So, I would like to know if there is currently any feature which could
help us to avoid the problem of having a divided community of users
('pt' x 'pt-br') "fighting" with each other ad infinitum... (and to
avoid proposals like that [1] of a new "Brazilian Wikipedia", which
IMHO will not have any good result, and is not the better way of
solving the problem...)

I found [http://strategy.wikimedia.org/w/index.php?title=Proposal_talk%3AA_Brazilian_Portuguese_Wikipedia&diff=14163&oldid=13621
a comment] about the existence of "on-the-fly translation" for some
languages (Chinese and Serbian), but I don't know how it works, and if
it solves or improve the situation.

And before this I was also thinking of use (a possible enhanced
version of) a procedure like this: considering that currently it is
possible to show a system message using {{int:MESSAGE}} in the
wikitext in a way that the result changes according to the user's
language, would it be possible to create new messages at "MediaWiki:"
Namespace just for defining language variants of words which usually
appears at the content of the projects?

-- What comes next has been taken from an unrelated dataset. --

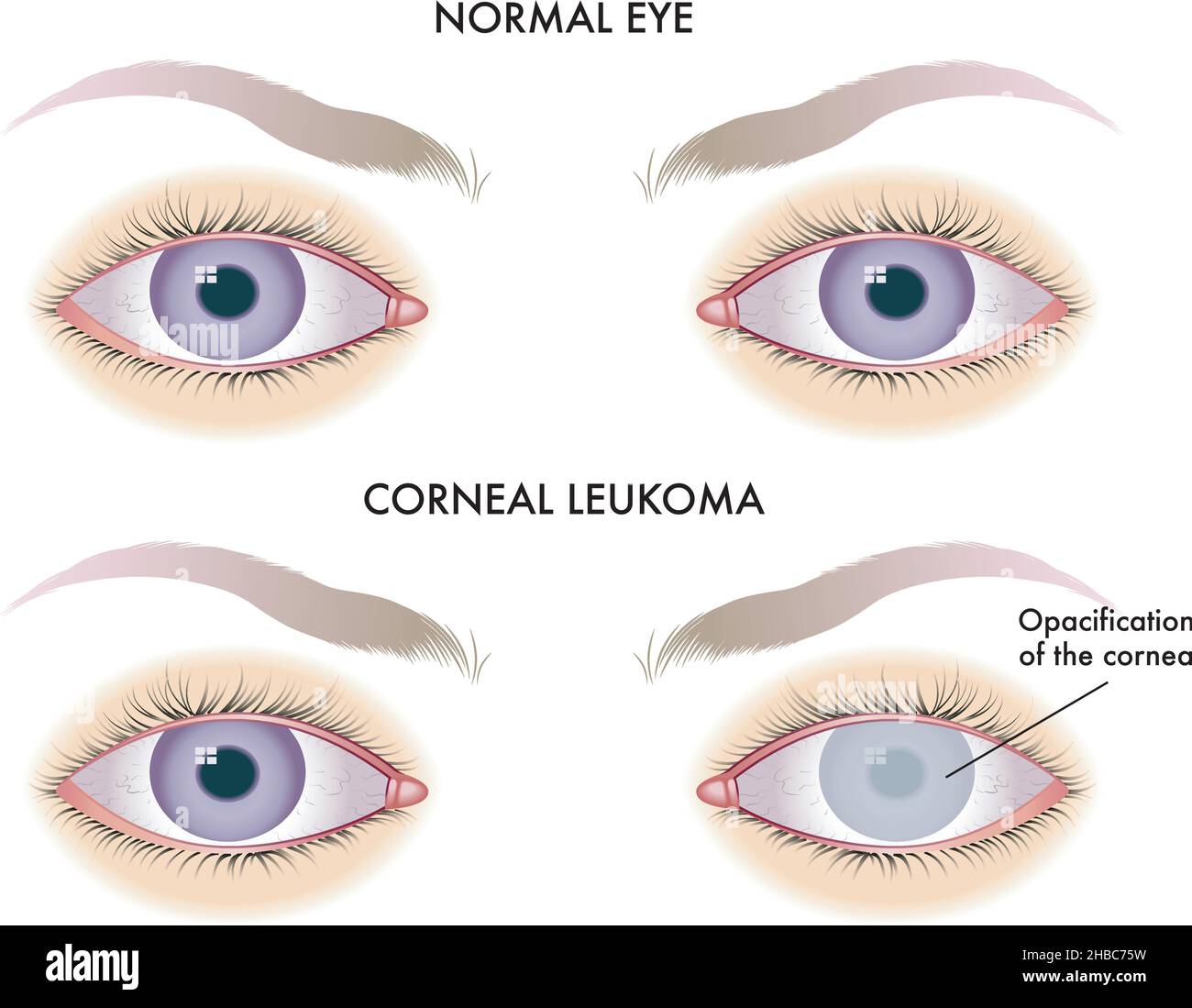 Medizinische Darstellung einer der möglichen Folgen des kornealen Leukoms auf das Auge. Stock Vektor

For example, would it be
possible to create "MediaWiki:WORD/pt-br" and "MediaWiki:WORD/pt", and
use them (with {{int:WORD}}) instead of the actual word variant in
wikitext? This isn't likely to be the better solution, but it could be
a first step towards a solution...

Any thoughts on how could Portuguese community improve the situation
at pt.* projects?
(is there any other list I should ask about this?)

Helder

[1] http://strategy.wikimedia.org/wiki/Proposal:A_Brazilian_Portuguese_Wikipedia

_______________________________________________
Wikitech-l mailing list
[hidden email]
https://lists.wikimedia.org/mailman/listinfo/wikitech-l
Reply | Threaded
Open this post in threaded view
|

Re: Language variants

Roan Kattouw-2
2009/9/9 Helder Geovane Gomes de Lima <[hidden email]>:

> Hello!
>
> I noticed at sr.wikipedia there is an option "Variant" under
> "Internationalization" at the preferences. How is that different from
> the 'sr', 'sr-ec' and 'sr-el' which are shown at "Language" option
> (also under "Internationalization")?
>
> I'm interested in this because there are some differences between
> "Brazilian Portuguese" ('pt-br') and "Portuguese of Portugal" ('pt')
> which usually cause troubles for the admins at the Portuguese
> projects, who needs to warn the users not to change the wording of the
> texts from one variant to another (this usually happens, mainly from
> anonymous contributions), because some differences between the
> variants seems to be [at a first glance] a typo, and they want to
> "correct" it...
>
sr-ec and sr-el refer to the Latin and Cyrillic variants of Serbian
(not sure which is which), and AFAIK the software can convert
everything, even article text, because the conversion rules are so
simple that a computer can execute them. Basically, sr-ec and sr-el
have the same text in the same language, but in different alphabets.
(This is my understanding, which may be completely wrong; in that
case, please correct me.)

The difference between pt and pt-br are more delicate than that, and
the two can't be autoconverted between by a computer, because of
differences in spelling word usage and grammar(?).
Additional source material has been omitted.